Born and raised in Spokane, Brubaker came to Seattle as a radio newsman in 1962. During his 25 years in the broadcast industry with KOMO, Brubaker spent 17 years as a television anchorman, mostly in the key evening slot.
After Brubaker left television and was appointed to the Snohomish County Council in 1987, he often talked of the need to get his creative juices flowing. A few years ago, he wrote a patriotic speech that won a Freedom Foundation Award. It is a talk he has been called on to give more than 30 times.
That speech triggered something. His wife, Marlene, recalled that Brubaker had jotted down some anecdotal notes during his final months on television and urged him to take a look at them.
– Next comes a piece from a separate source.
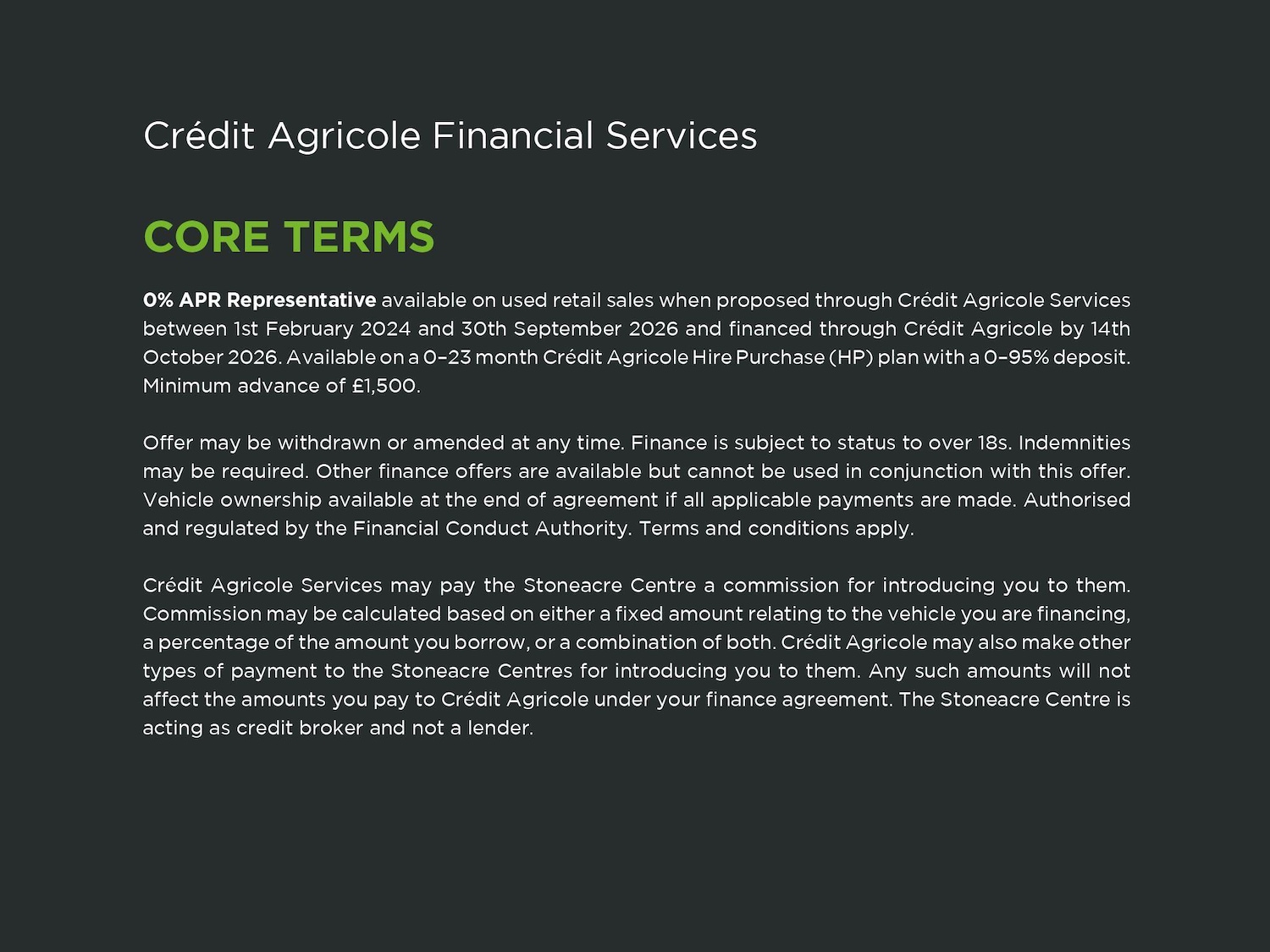 Used Kia XCeed 2025 for sale - 77377692: Photo 3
Those vignettes, repeatedly refined during the past year, are the core of Brubaker's recently published look behind the scenes of local television. " . . . Never as it Seems," published by Peanut Butter Publishing of Seattle, came out just before Christmas. It sells for $11.95.
For those who've been around for a couple of decades, the anecdotes provide a mostly humorous trip down memory lane. For more recent arrivals to the Puget Sound area, it should serve as a quick peek at what once was.
Distribution is really just beginning for the soft-cover book, intentionally printed in fairly large type for aging eyes. Brubaker, 54, of Edmonds, just signed a contract with Pacific Pipeline, a major distributor. The first printing was 5,000 books. Brubaker, with an investment in the production, will break even after 3,000 are sold.
People from the broadcasting industry are now calling Brubaker to tell how much they like the book and reminding him of a score more stories.
Several stories are about animals in television shows and their unpredictability. Then there's the fast-talking Ray Ramsey, for many years the last word on the weather at KOMO, even though Brubaker makes it clear Ramsey did a lot of hedging.
It was an age when the industry wasn't beyond live pranks. As an anchorman under extremely hot lights, Brubaker required two glasses of water, one that he gulped just before going on the air, the second to be sipped during the broadcast. Once, gin was substituted by floor directors and it took a lot of commercials before a woozy Brubaker could handle the broadcast. From then on, Brubaker sipped from both glasses to be on the safe side.
In his introduction, Brubaker notes the book is not about technology or journalistic rules but about "wonderful people, skilled and energetic people who weren't afraid to make mistakes along the way or share a wart or two with the audience."
To write this book, Brubaker greeted his word processer each morning about 5 and worked an hour or two before going on to his county duties. He'd rewrite the work he did the day before, and write some new anecdotes.
He already is writing another book that should be completed this year, about the four-year project of exploring the Cobb Seamount, an underwater mountain along the coast that in some places is only 130 feet below the surface.
To do his reporting work, Brubaker was trained in what then was a new and dangerous procedure: open-ocean diving. Although he didn't actually make any dives, he kept up with what was happening on the project.
There probably is at least a third book somewhere out there. Brubaker keeps hearing about the high-school-football team his father played on in Spokane and is finding out it was so good it was undefeated and might have played and beaten a college team.